• Work task: The records beneath should be printed exactly, and the pictures are to be left out.

[Data for this exercise — start]

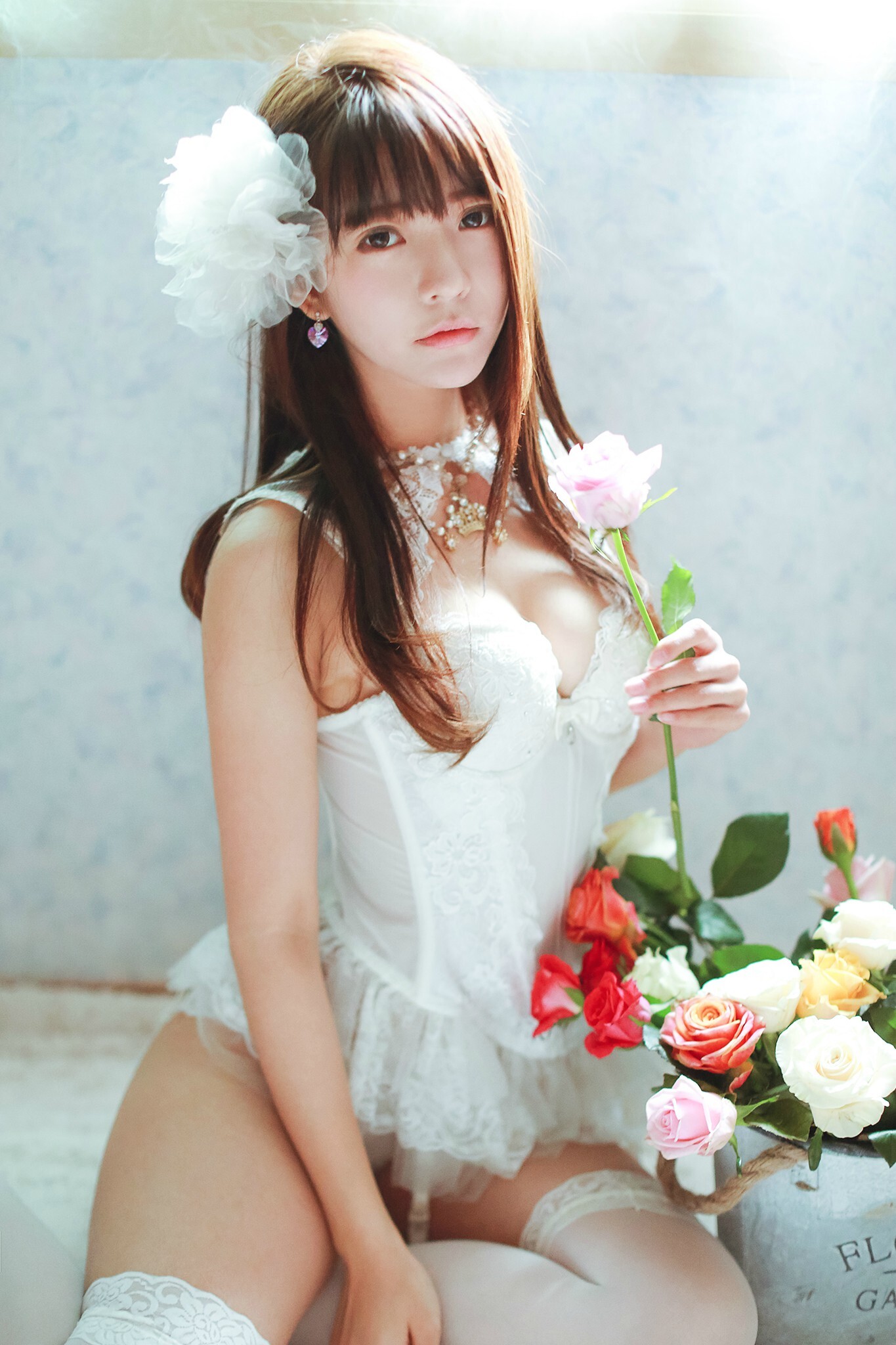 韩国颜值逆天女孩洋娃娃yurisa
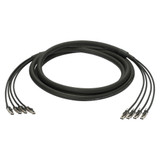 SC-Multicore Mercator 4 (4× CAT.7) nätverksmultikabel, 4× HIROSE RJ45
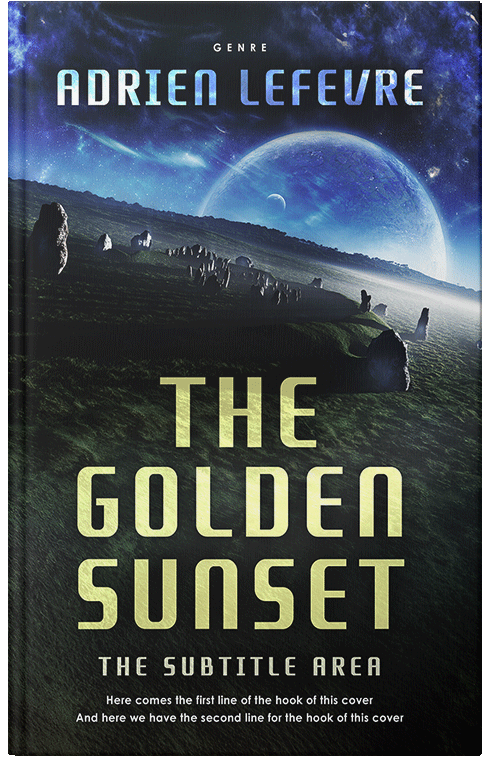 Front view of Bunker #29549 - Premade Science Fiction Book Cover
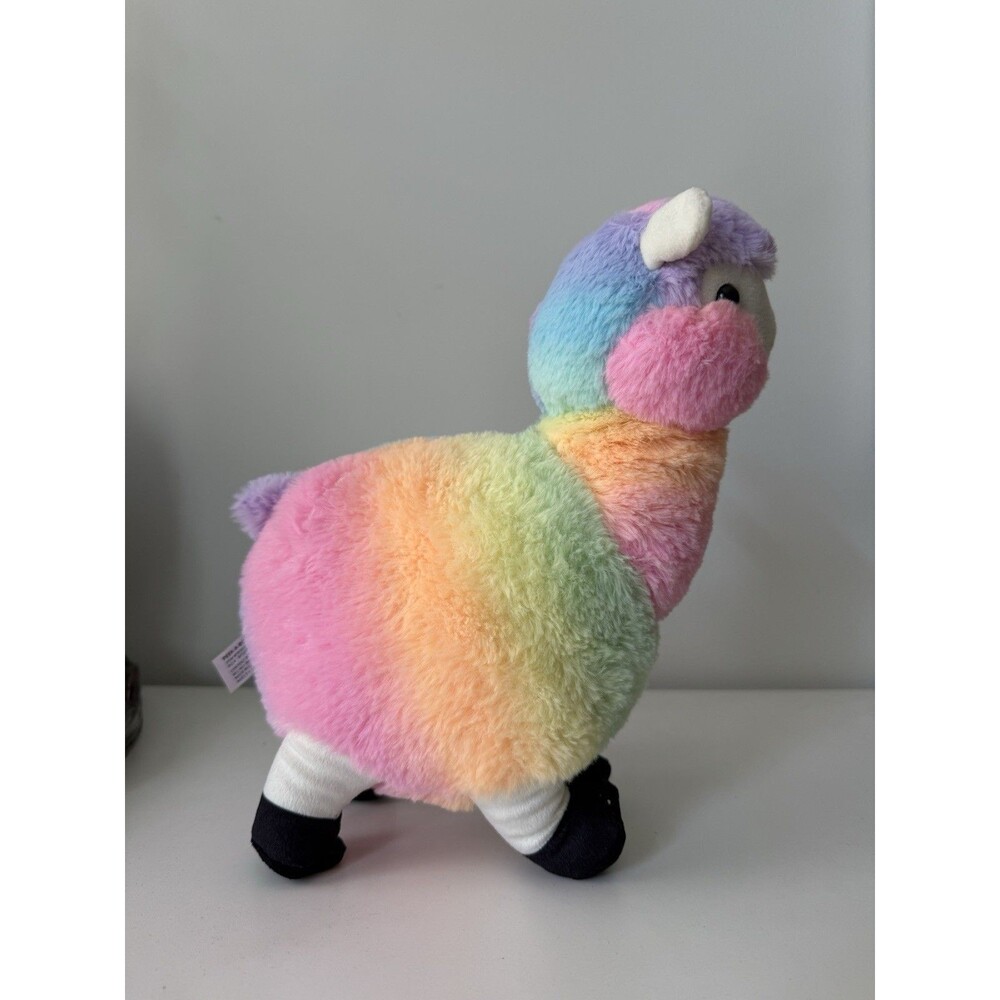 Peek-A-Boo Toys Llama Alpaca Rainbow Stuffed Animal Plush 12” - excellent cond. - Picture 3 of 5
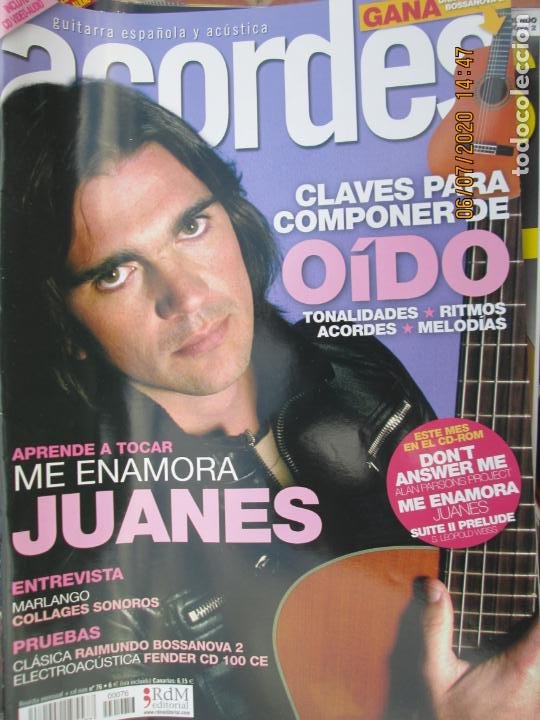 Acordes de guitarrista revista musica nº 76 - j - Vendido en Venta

[Data for this exercise — finish]

• Expected answer:
 韩国颜值逆天女孩洋娃娃yurisa
 SC-Multicore Mercator 4 (4× CAT.7) nätverksmultikabel, 4× HIROSE RJ45
 Front view of Bunker #29549 - Premade Science Fiction Book Cover
 Peek-A-Boo Toys Llama Alpaca Rainbow Stuffed Animal Plush 12” - excellent cond. - Picture 3 of 5
 Acordes de guitarrista revista musica nº 76 - j - Vendido en Venta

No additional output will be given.